Records from a dataset:
/---

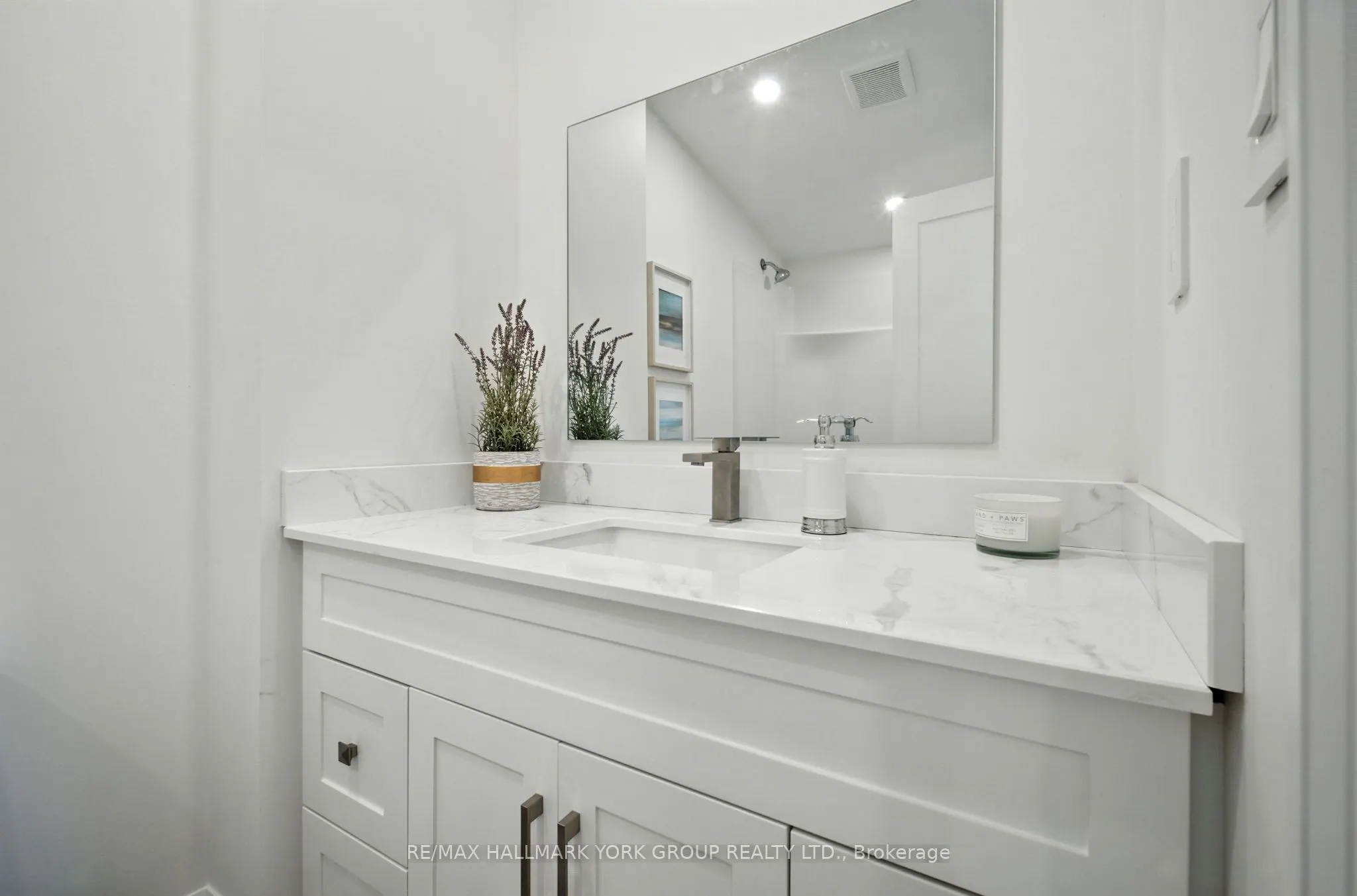 778 Sheppard Avenue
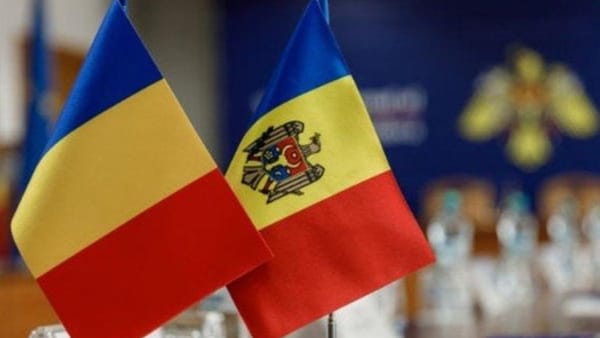 Mesaj de la București la 35 de ani de independență: „La mulți ani, fraților basarabeni!”
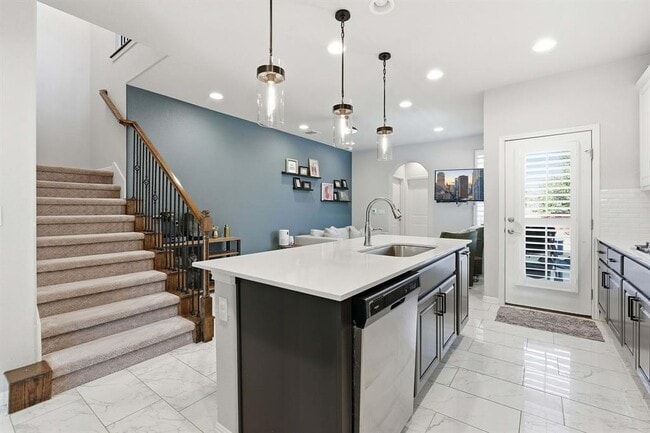 Building Photo - 5720 Baythorne Dr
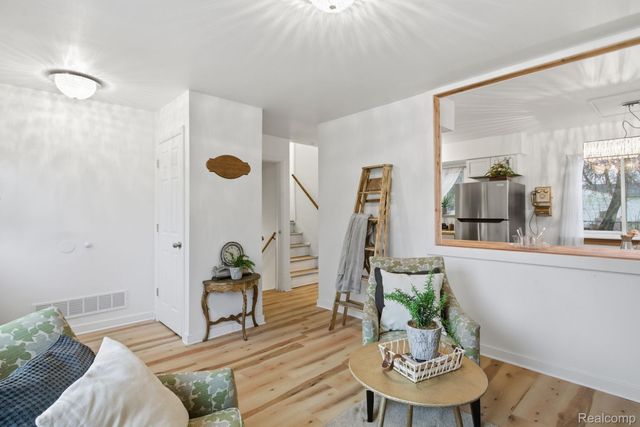 15486 Orchard Street, Romulus, MI 48174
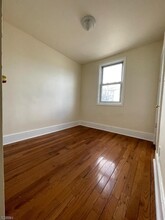 168 Hickory St, Unit 2 in Orange, NJ - Building Photo - Building Photo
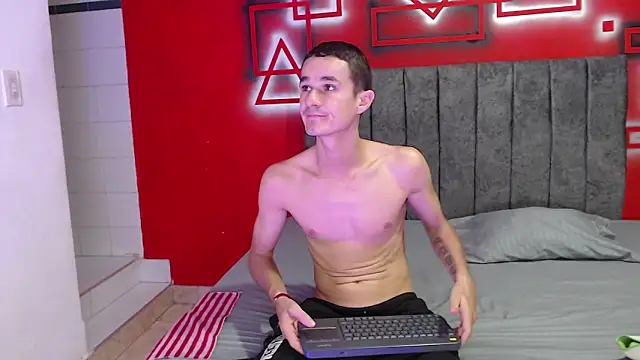 dirty couple22 online show from September 24, 2025, 1:58 pm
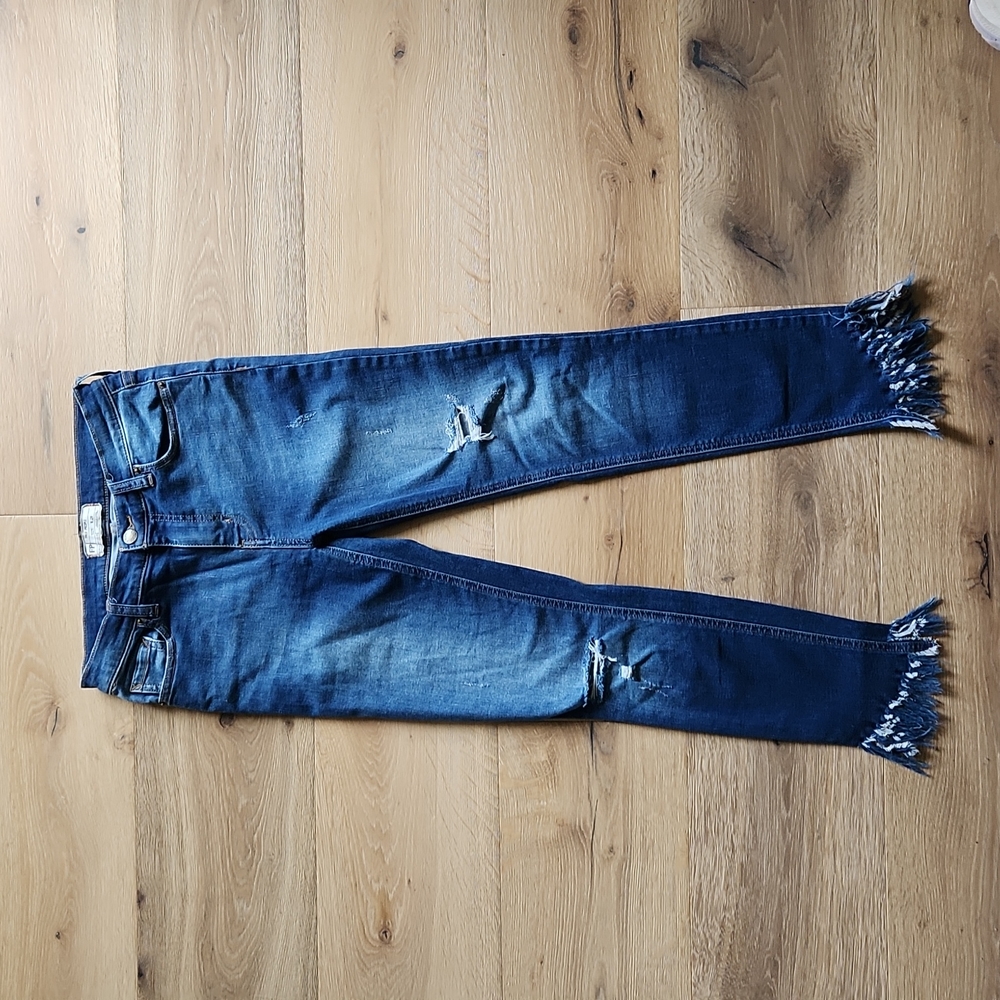 Free people great heights frayed skinny jeans in worn indigo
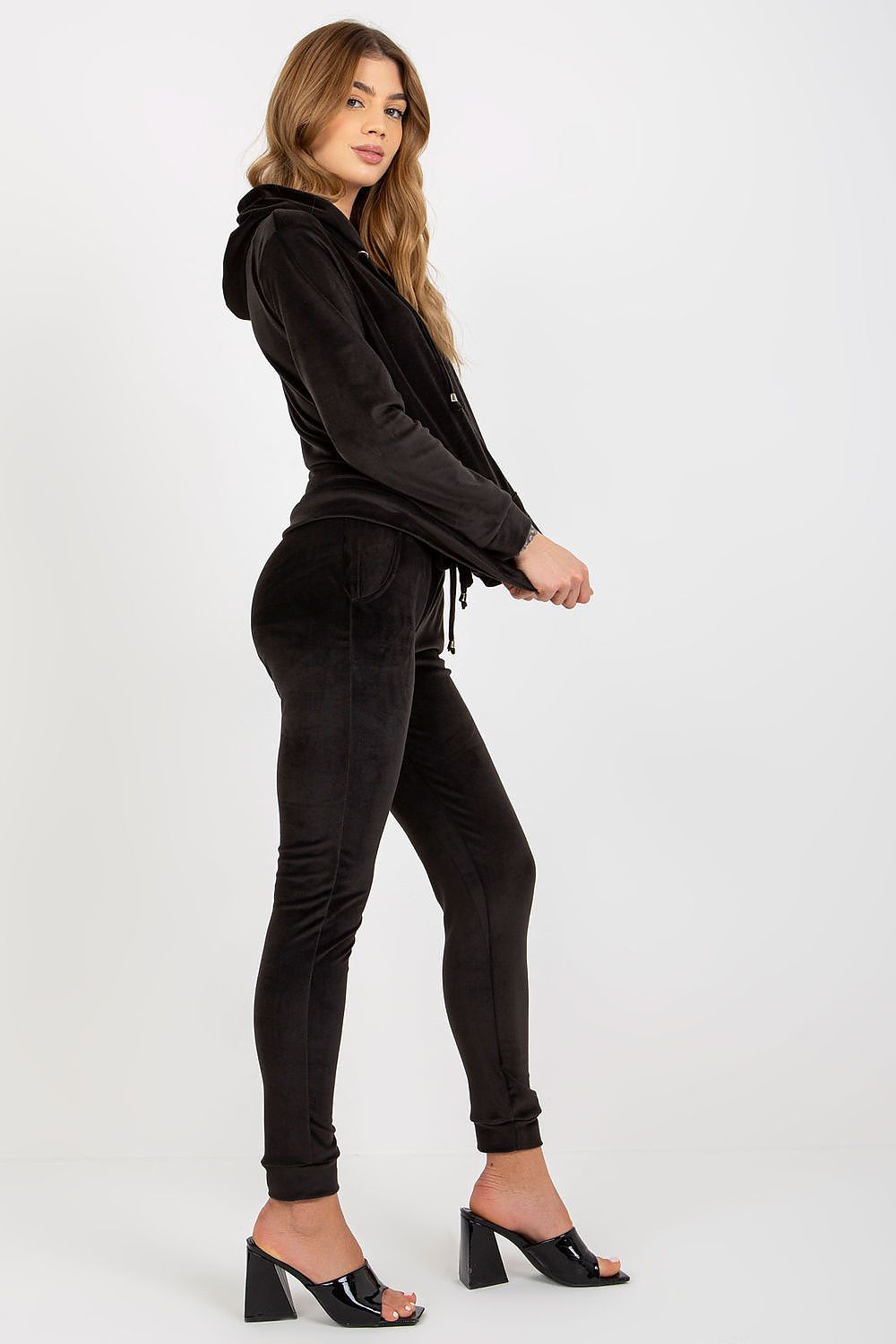  Együttes model 177077 Relevance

\---

### TASK ITEM
An exact reproduction of all the records is required, with no pictures included.

### TASK RESULT
 778 Sheppard Avenue
 Mesaj de la București la 35 de ani de independență: „La mulți ani, fraților basarabeni!”
 Building Photo - 5720 Baythorne Dr
 15486 Orchard Street, Romulus, MI 48174
 168 Hickory St, Unit 2 in Orange, NJ - Building Photo - Building Photo
 dirty couple22 online show from September 24, 2025, 1:58 pm
 Free people great heights frayed skinny jeans in worn indigo
  Együttes model 177077 Relevance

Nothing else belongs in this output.